Distributed Transactions: Maintaining Consistency Across Services

Distributed transactions coordinate data changes across multiple databases, services, or microservices. They are one of the hardest problems in distributed systems — ensuring that either all participants commit their changes or none do, despite network failures, crashes, and timeouts. This guide covers 2PC, 3PC, the saga pattern, and practical approaches to managing distributed data consistency.

Why Distributed Transactions Are Hard

In a single database, ACID transactions are straightforward — the database engine handles atomicity, consistency, isolation, and durability internally. When a transaction spans multiple databases or services, there is no single entity that controls all participants. Network partitions, process crashes, and message delays can cause participants to disagree on whether a transaction should commit or abort.

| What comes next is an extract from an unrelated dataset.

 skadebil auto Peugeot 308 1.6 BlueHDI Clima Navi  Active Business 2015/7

Consider an e-commerce order: the order service creates the order, the payment service charges the credit card, and the inventory service reduces stock. If the payment succeeds but the inventory update fails, the system is in an inconsistent state. Distributed transactions exist to prevent this.

Two-Phase Commit (2PC)

Two-Phase Commit is the classic protocol for distributed transactions. A designated coordinator manages the process in two phases.

Phase 1: Prepare (Voting)

The coordinator sends a PREPARE message to all participants. Each participant executes the transaction locally (without committing) and responds with either VOTE_COMMIT (ready to commit) or VOTE_ABORT (cannot commit).

Phase 2: Commit/Abort (Decision)

If ALL participants voted COMMIT, the coordinator sends a COMMIT message. If ANY participant voted ABORT, the coordinator sends an ABORT message to all. Participants execute the decision and acknowledge.

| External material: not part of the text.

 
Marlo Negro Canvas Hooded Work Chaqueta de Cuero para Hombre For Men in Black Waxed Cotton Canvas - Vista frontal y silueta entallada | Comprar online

-- 2PC: Pseudocode for a distributed order transaction

-- COORDINATOR:
function process_order(order):
    # Phase 1: Prepare
    order_result = order_service.prepare(order)
    payment_result = payment_service.prepare(order.payment)
    inventory_result = inventory_service.prepare(order.items)

    # Phase 2: Decide
    if all_voted_commit(order_result, payment_result, inventory_result):
        order_service.commit(order.tx_id)
        payment_service.commit(order.tx_id)
        inventory_service.commit(order.tx_id)
        return SUCCESS
    else:
        order_service.abort(order.tx_id)
        payment_service.abort(order.tx_id)
        inventory_service.abort(order.tx_id)
        return FAILURE

-- PARTICIPANT (e.g., inventory_service):
function prepare(items):
    begin_transaction()
    for item in items:
        if stock[item.product_id] >= item.quantity:
            stock[item.product_id] -= item.quantity  -- tentatively
        else:
            return VOTE_ABORT
    write_to_wal()  -- persist the decision
    return VOTE_COMMIT

function commit(tx_id):
    commit_transaction(tx_id)

function abort(tx_id):
    rollback_transaction(tx_id)

2PC Problems

Problem	Description	Impact
Blocking	If the coordinator crashes after Phase 1, participants are stuck holding locks	Resources locked indefinitely until coordinator recovers
Single point of failure	The coordinator is critical — its failure blocks everyone	Availability depends on coordinator uptime
Latency	Requires multiple network round trips	Slower than local transactions
Network partition	Participants may not receive the commit/abort decision	Inconsistent state possible

Three-Phase Commit (3PC)

3PC adds a PRE-COMMIT phase between the prepare and commit phases to reduce the blocking problem. After all participants vote to commit, the coordinator sends a PRE-COMMIT message. Only after all acknowledge PRE-COMMIT does the coordinator send the final COMMIT.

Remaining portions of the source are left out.